### ASSIGNMENT
An exact repetition of the data below, without images, is the expected answer.

### EXERCISE DATA
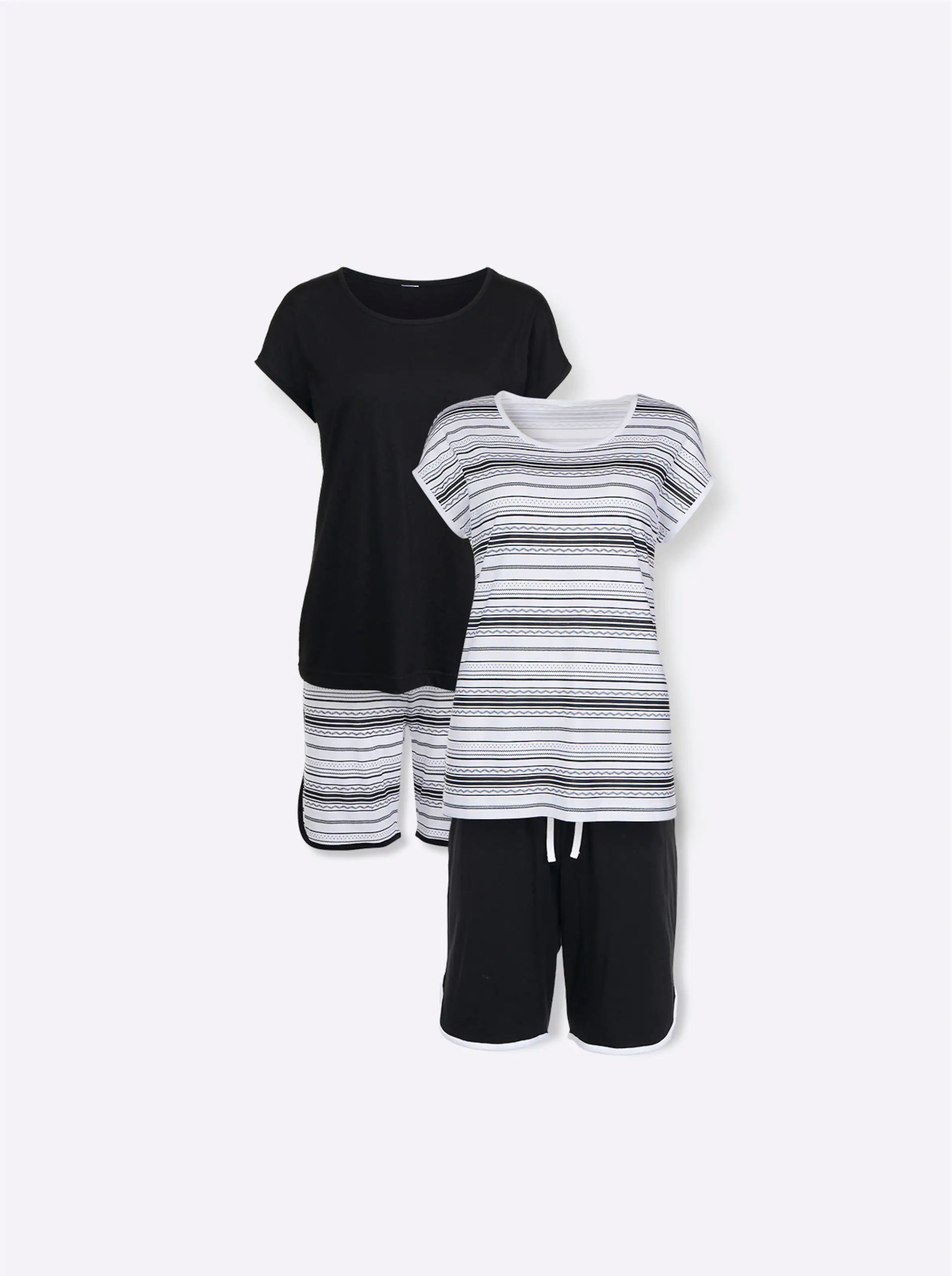 wäschepur Shortys in schwarz + weiß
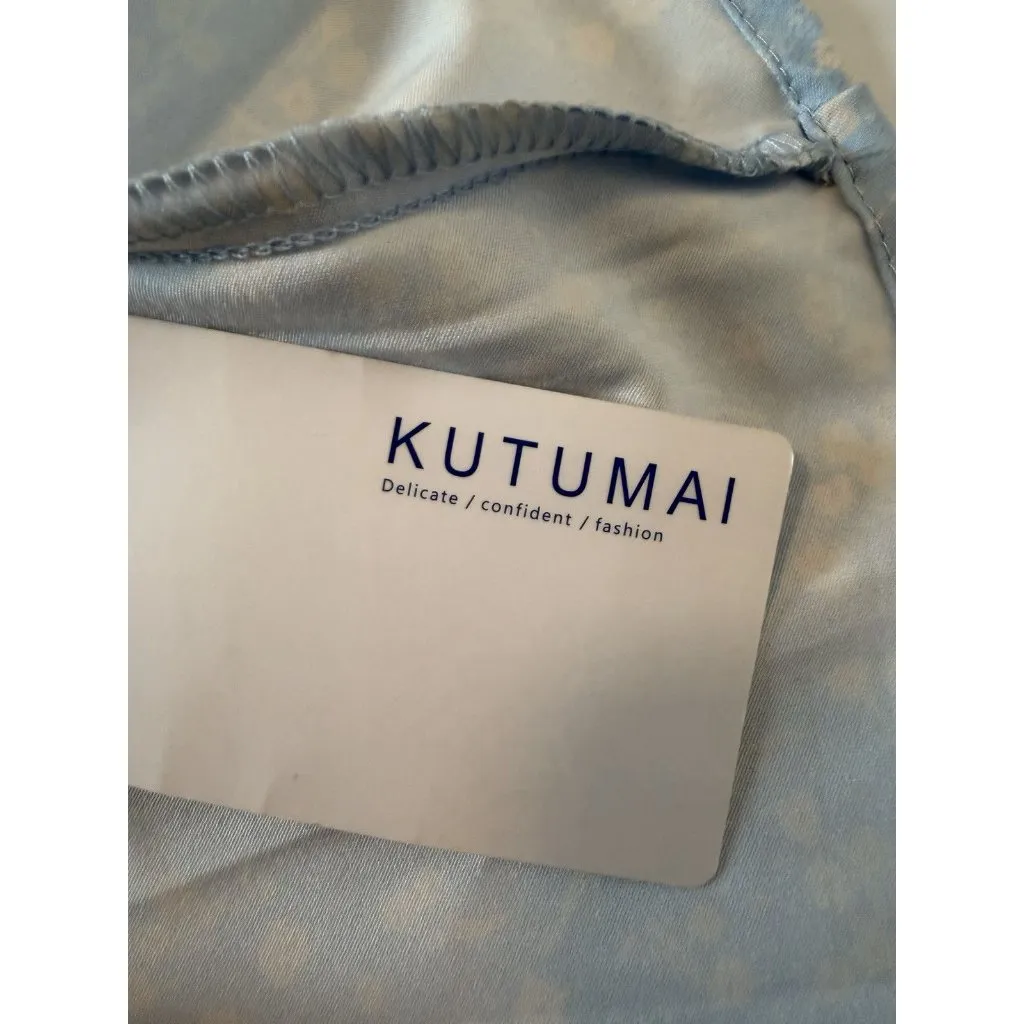 Milkmaid‎ Dress Tallulah Blue White Floral Midi Sz M Cottagecore Peasant Kutumai Size M - Image 11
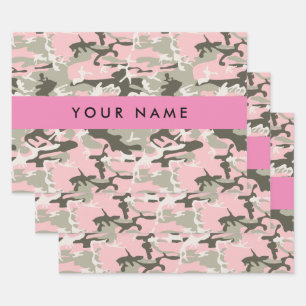 Pink und Green Camouflage Ihr Name Persönlich gest Geschenkpapier Set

### EXERCISE OUTPUT
 wäschepur Shortys in schwarz + weiß
 Milkmaid‎ Dress Tallulah Blue White Floral Midi Sz M Cottagecore Peasant Kutumai Size M - Image 11
 Pink und Green Camouflage Ihr Name Persönlich gest Geschenkpapier Set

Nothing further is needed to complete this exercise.